まず、巣内の温度がどうなっているか?という点については32℃とか夏場は36℃になっている、幼虫や蛹が生育するには35℃くらい、成虫が生きるには20℃必要、などなど内部の温度をどう仮定したら良いか迷います。
今回は内壁温度と外気との熱計算のため成虫が死なない程度の内壁温度になっていると仮定して20℃とします。
もちろん、巣の内部はもっと高温になっているかもしれませんが箱内壁は案外このくらいで省エネ運転かもしれないということです。

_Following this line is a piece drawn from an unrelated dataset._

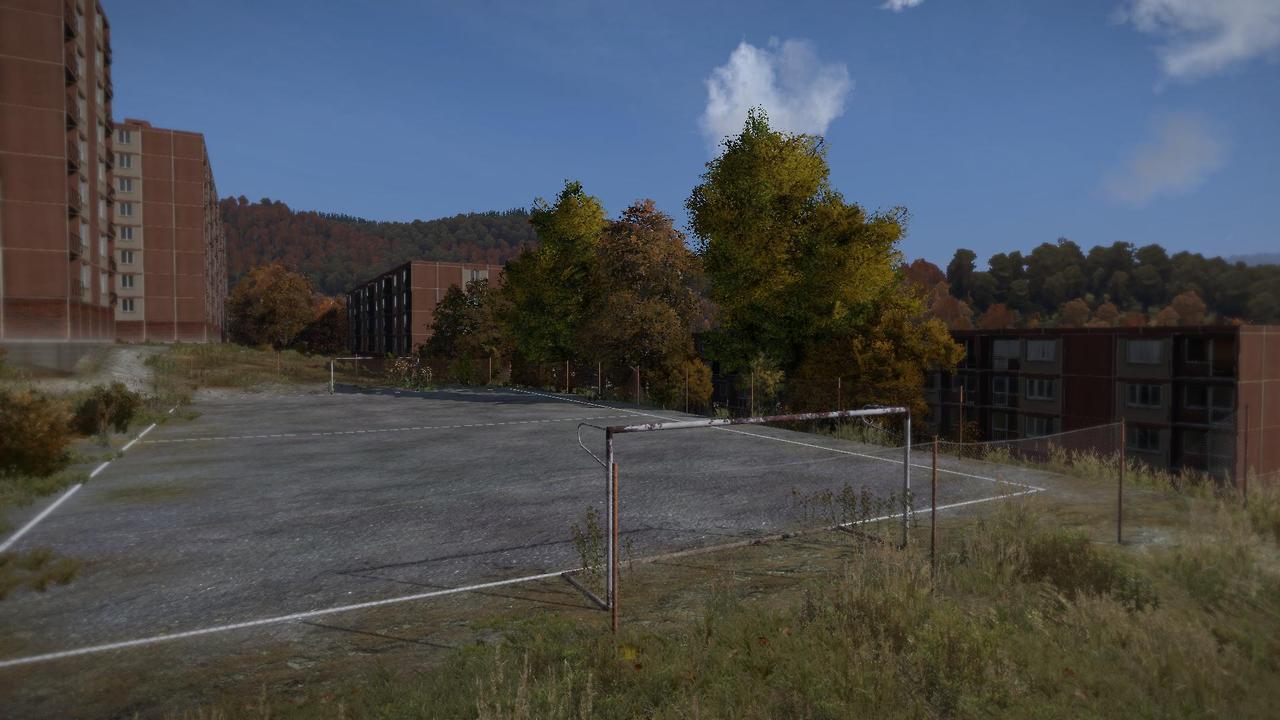 DayZ - PC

次に、外気温は日中の変動も地域差もありますが、東京の2月のデータ
http://www.data.jma.go.jp/obd/stats/etrn/view/monthly_s3.php?%20prec_no=44&block_no=47662
があったのでここからざっくりと5℃としました。
外気は5℃、内壁は20℃ということです。
外壁温度が分かっていませんが、無風の自然対流熱伝達(10W/m2K)として外壁温度も推算します。
次に、箱の放熱面積です。
厳密には内面の面積と外面の面積は違いますがめんどくさいので内面と外面の表面積は同じとします。

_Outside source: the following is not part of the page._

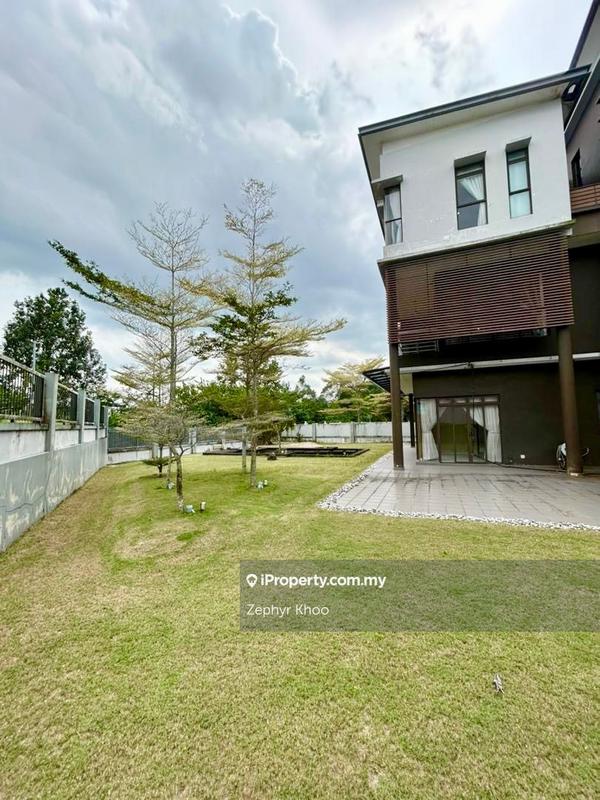 Bungalow House for Sale in Horizon Hills, Iskandar Puteri (Nusajaya) by Zephyr Khoo - iProperty.com.my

一般的であろう300mm×300mm、高さ180mm、厚さ30mm、
木の熱伝導率を0.12W/mKと仮定して側面と天井から放熱するとします。
放熱面積は3段仕様で0.738m2となります。
ここから熱移動量を計算しますが、
外面の自然対流熱伝達による熱移動量W=熱伝達率×表面積 ×(外壁温度 - 外気温度)

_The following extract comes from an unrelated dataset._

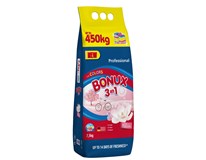 Bonux Color Magnolia Professional prací prášek (100 praní) 1x7/7,5kg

重箱断熱部の熱移動量W=木の熱伝導率/板厚×表面積×(内壁温度 - 外壁温度)
となります。二つの熱移動量は一致しなければならないのでそのように計算すると、
外壁温度=9.29℃
熱移動量=31.6W
となります。
カロリーに直すと
1日あたり653.1kcal
となりました。
ここからハチミツの消費量を求めます。
ハチミツのカロリーは100gあたり294kcal(googleでハチミツ カロリーで検索)とありましたので
1日に222g、30日だとおよそ6.7㎏消費することになりました。
あくまで仮定で多少多めに出てる気もしなくないですが、月に数㎏単位で消費するということが分かりました。
重箱1つでおよそ5㎏程度の採蜜ができるということで多少のパラメータによる前後はあるもののおおよそいいオーダーで計算できているんじゃないかと思います。
3段継箱、厚さ30mmで6.7kg 消費でしたが、
厚さを20mm、10mmと薄くすると断熱性能が低下し放熱量が増えるためハチミツ消費量は8.7kg、12.7kgのようにかなり増えますが、
逆に厚くすると40mmでは5.4㎏となりそれほど消費量は少なくなりませんでした。
この辺は経験的に30mm程度といわれている根拠かな?と感じました。